During the second summer of my PhD, I found myself living in the university residence. While all my friends were occupied with their current boyfriends, I, as usual, was single. Why couldn’t I find a boyfriend, I wondered? I mean, wasn’t I as smart as my friends? Wasn’t I as funny? Wasn’t I (almost) as good looking? It just didn’t seem fair: they all had beaux, and I–none. (Why, it was sort of like an oxymoron!). I resigned myself to yet another summer alone.

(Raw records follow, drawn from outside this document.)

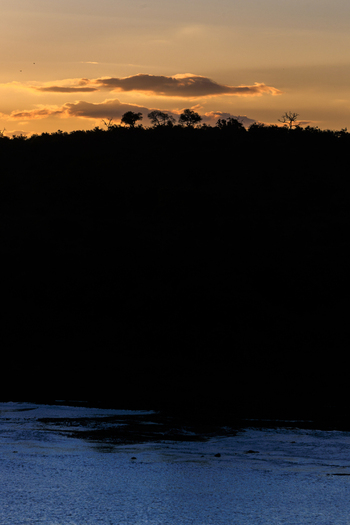 View of the silhouetted horizon of Kruger National Park with trees against a golden sunset sky reflecting on the water in Skukuza Mpumalanga South Africa. View of the silhouetted horizon of Kruger National Park with trees against a golden sunset sky reflecting on the water in Skukuza Mpumalanga South Africa.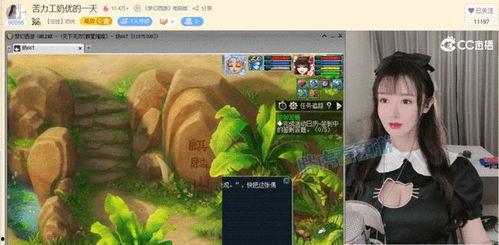 女主播奇奇视频直播  第2张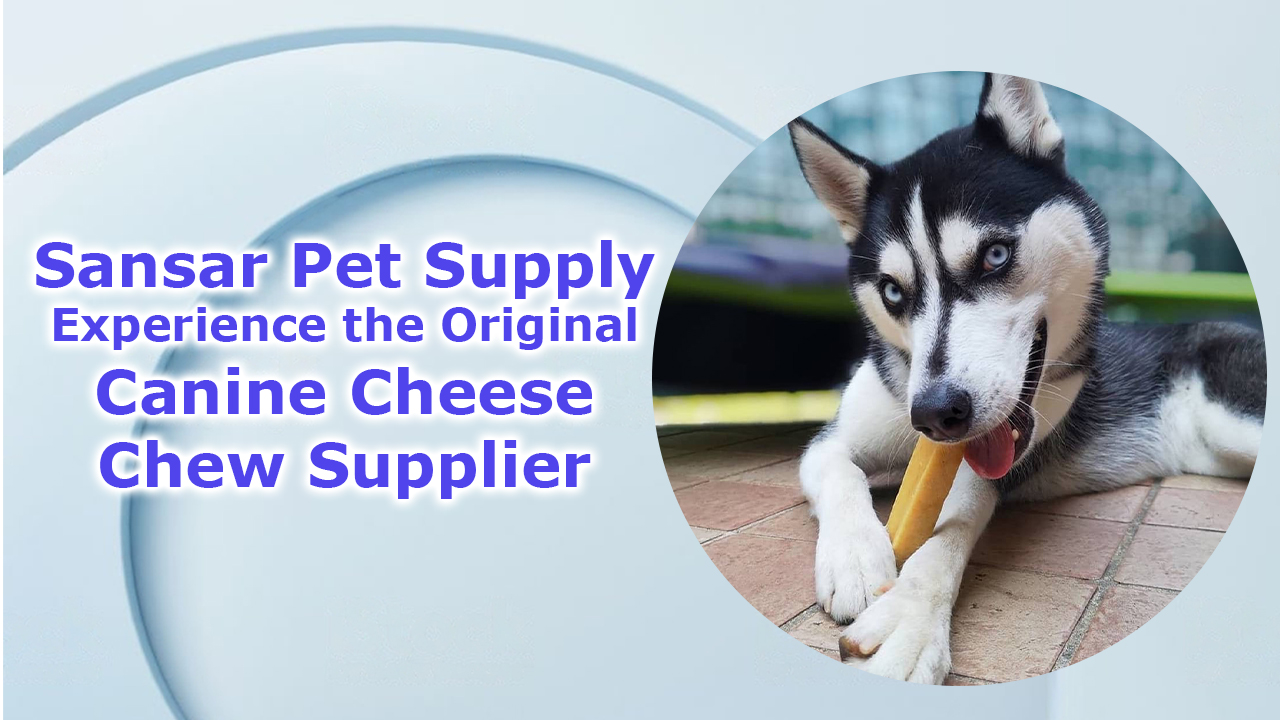 Sansar-Pet-Supply-Experience-the-Original-Canine-Cheese-Chew-Supplier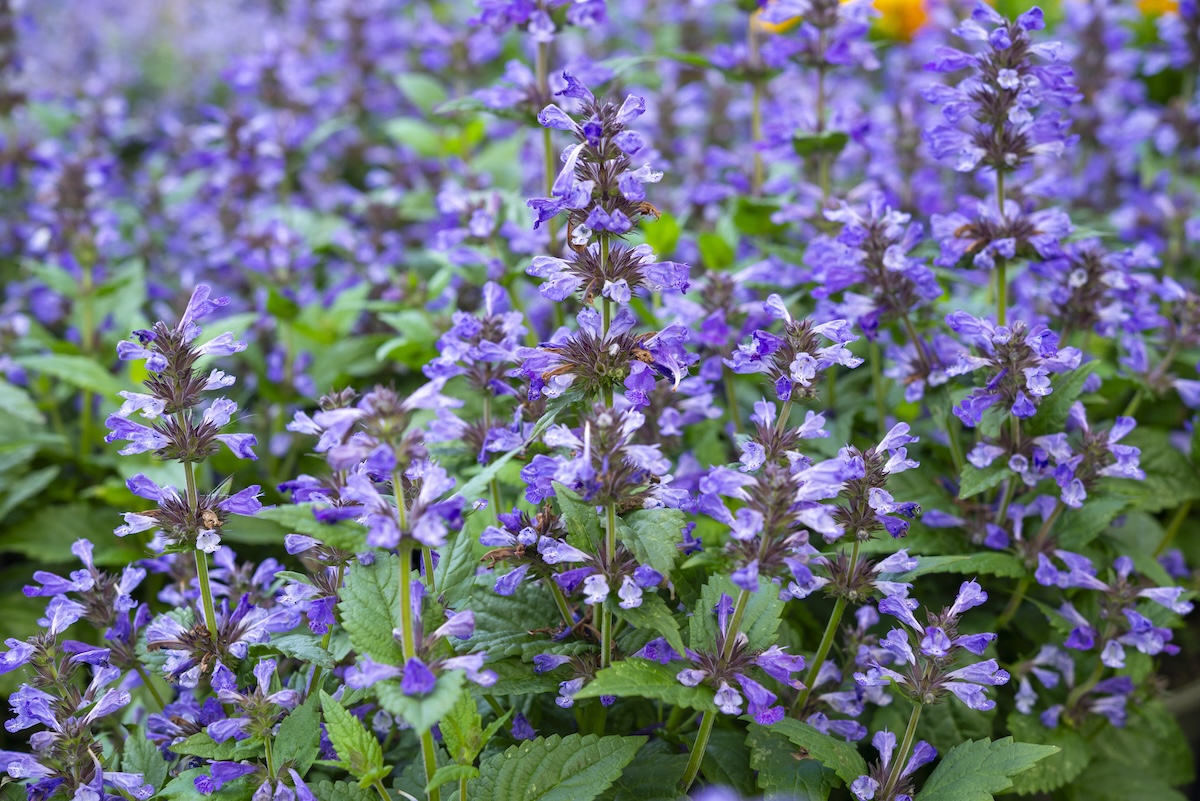 Purple Catnip plants grow in an outdoor grove.
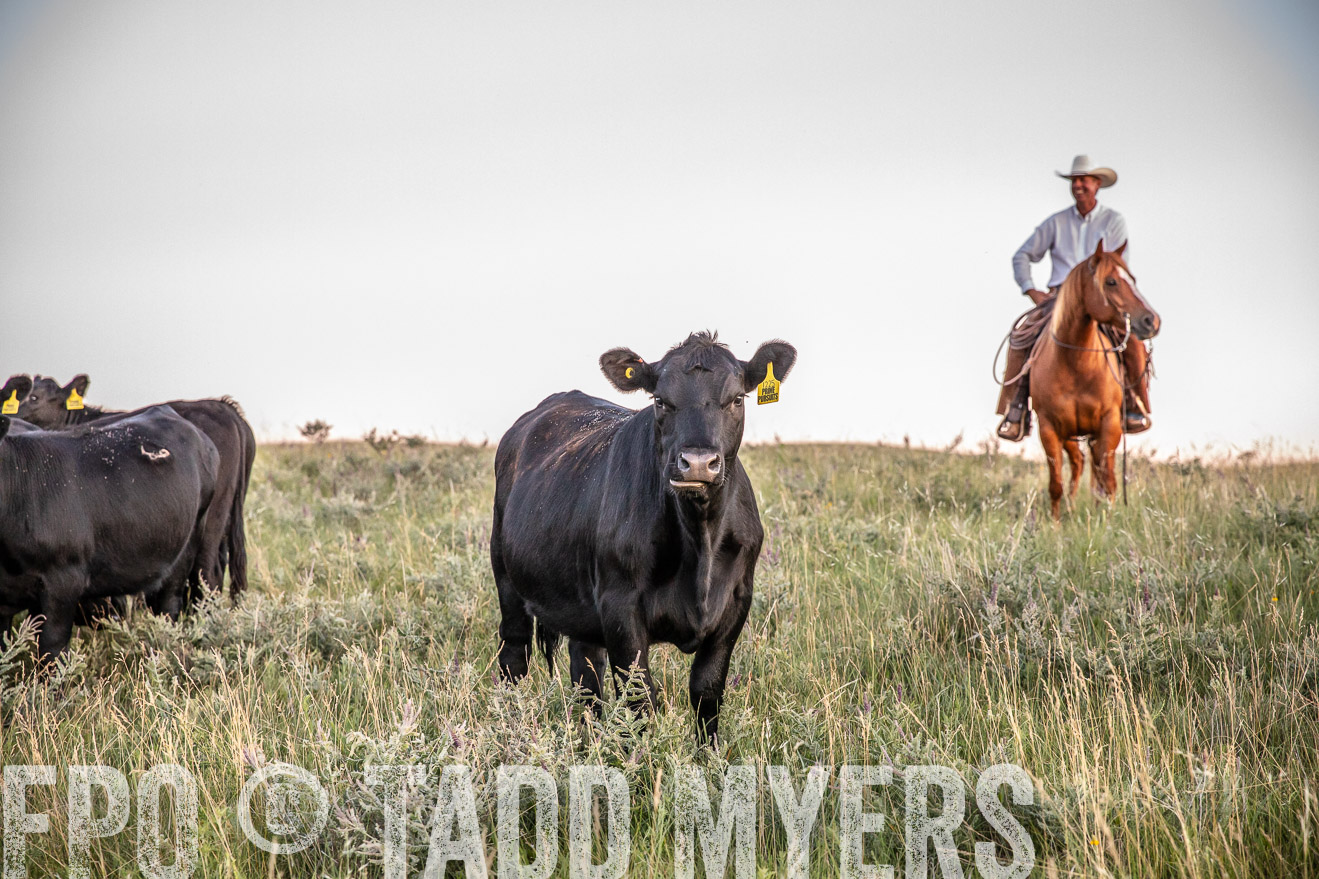 PP_TuckerRanch_NE_July2019-42839
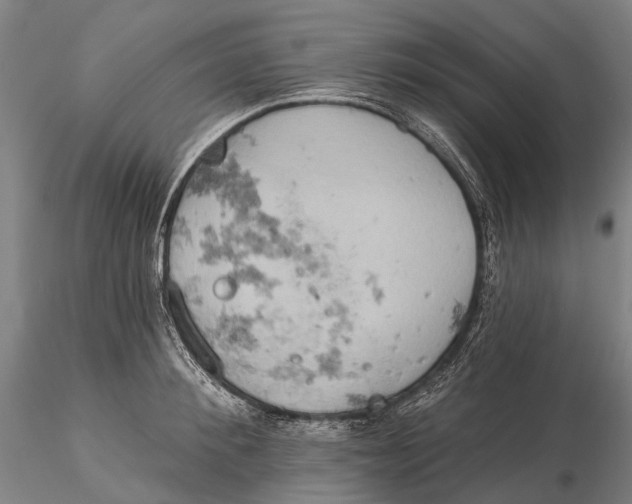 X0000115590900200912011500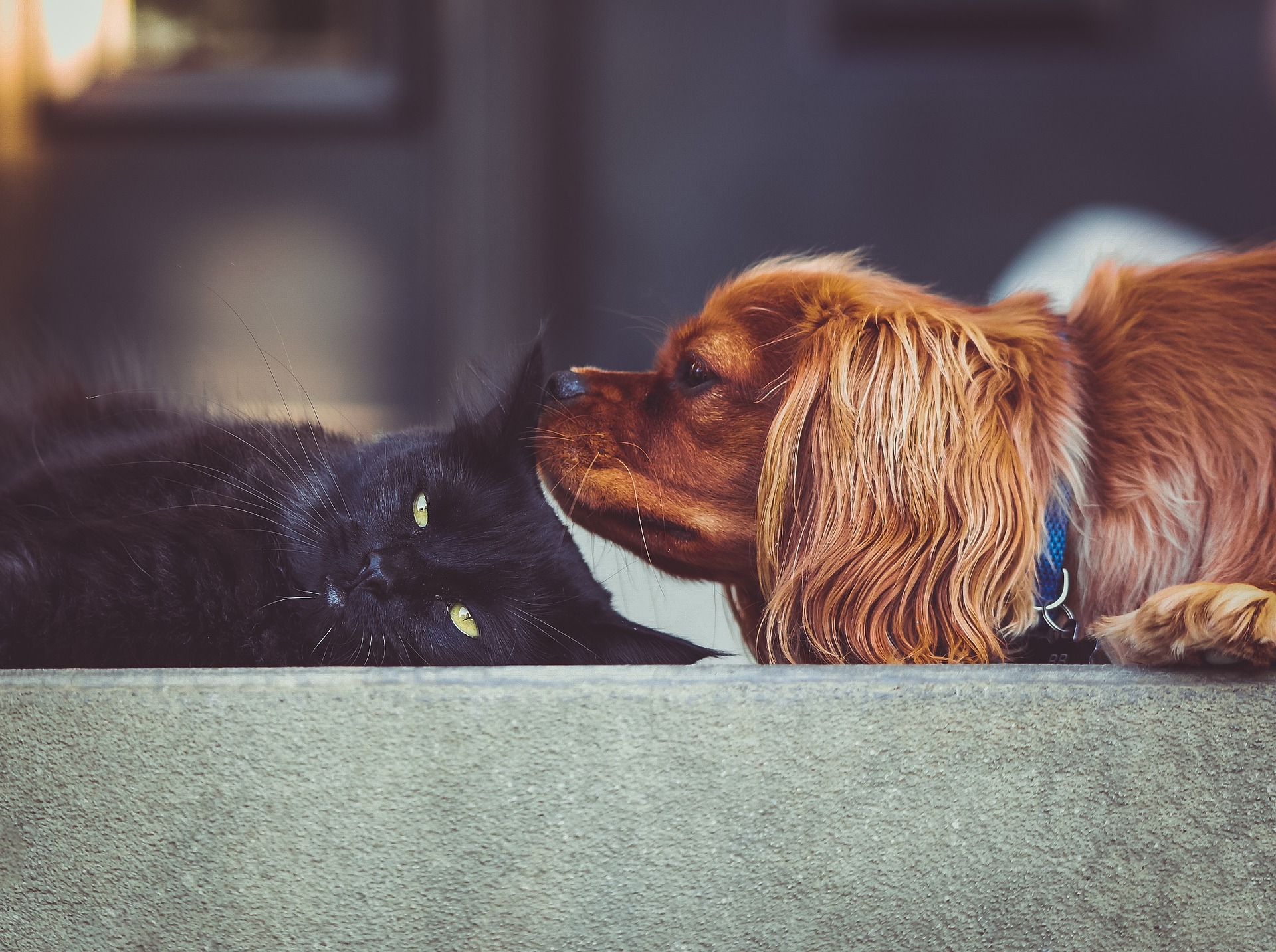 Kom närmare till din lokala veterinär på webben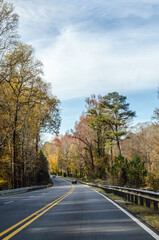 Fototapeta premium country road in autumn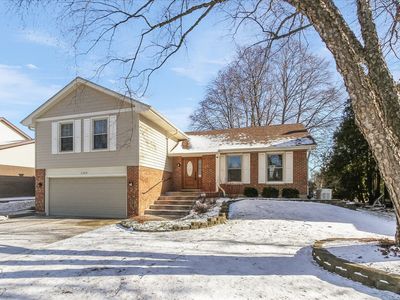 1109 Carriage Ln, Schaumburg, IL, 60193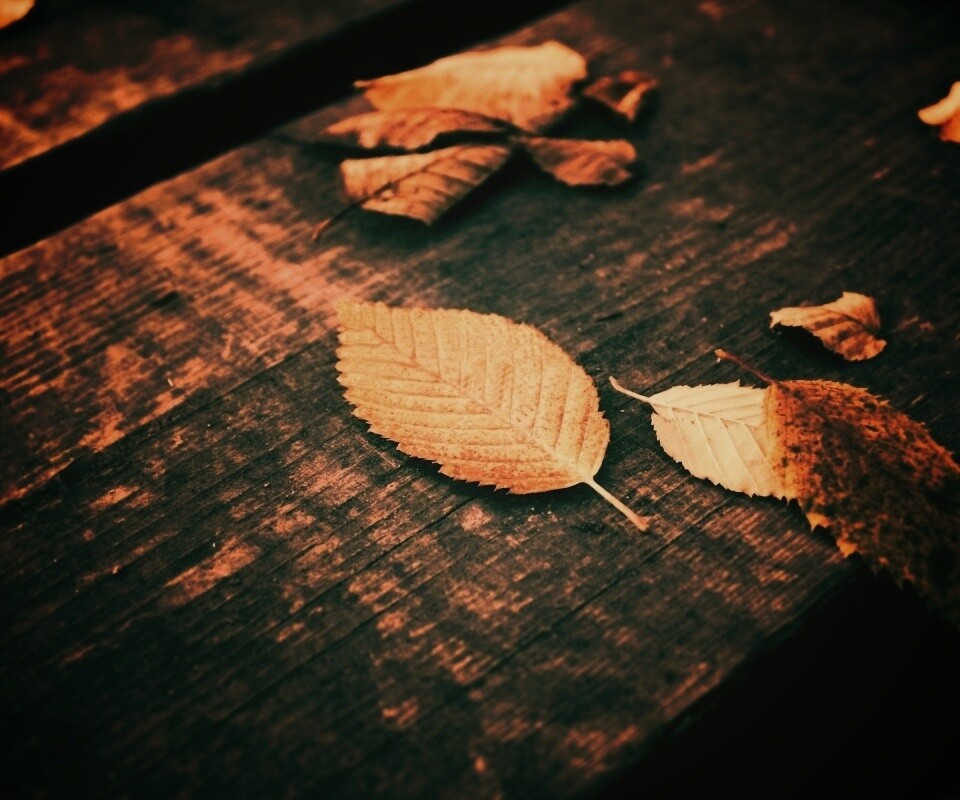 Опавшая листва обои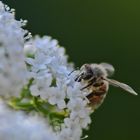 Baldrian-Blüte mit Biene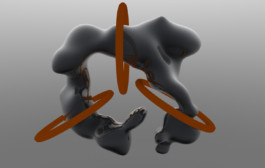 GONDOR DESIGN CULTURE ⚑ 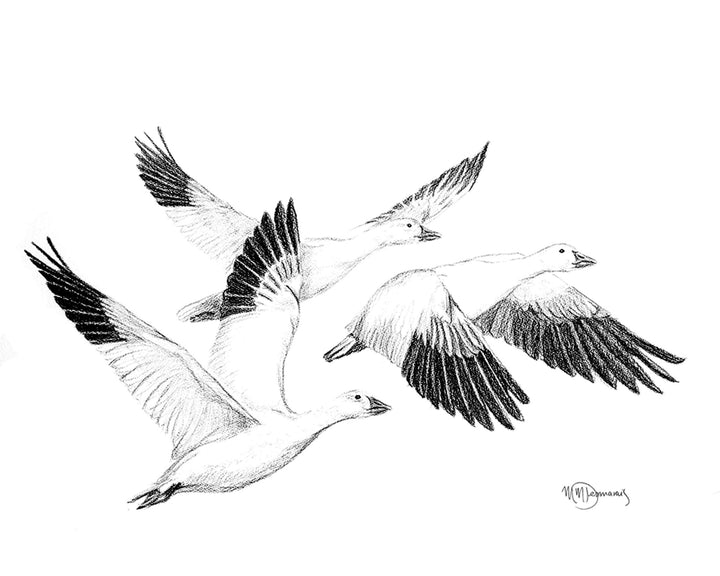 White Geese - Greeting Card - LE NID atelier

And then, on a whim, I went with an old friend to a Saturday night bash at another friend’s house. Almost as soon as we arrived, I was approached by a tall, astonishingly handsome man (let’s call him “Rock.”) Towering over me in a dusty blue T-shirt and black jeans, a tousle of slick, onxy-black hair and a jaw even more square than your grandparents morals, Rock beguiled me from the first instant, and didn’t leave my side all evening. I could barely concentrate on our witty repartee, I was so taken by his good looks. Could he–was it possible?–be interested in l’il ole me? Naw, I thought, which freed me up for a great evening of conversation. At the end of the night, I said my goodbye. Rock smiled and murmured that it had been great to meet me.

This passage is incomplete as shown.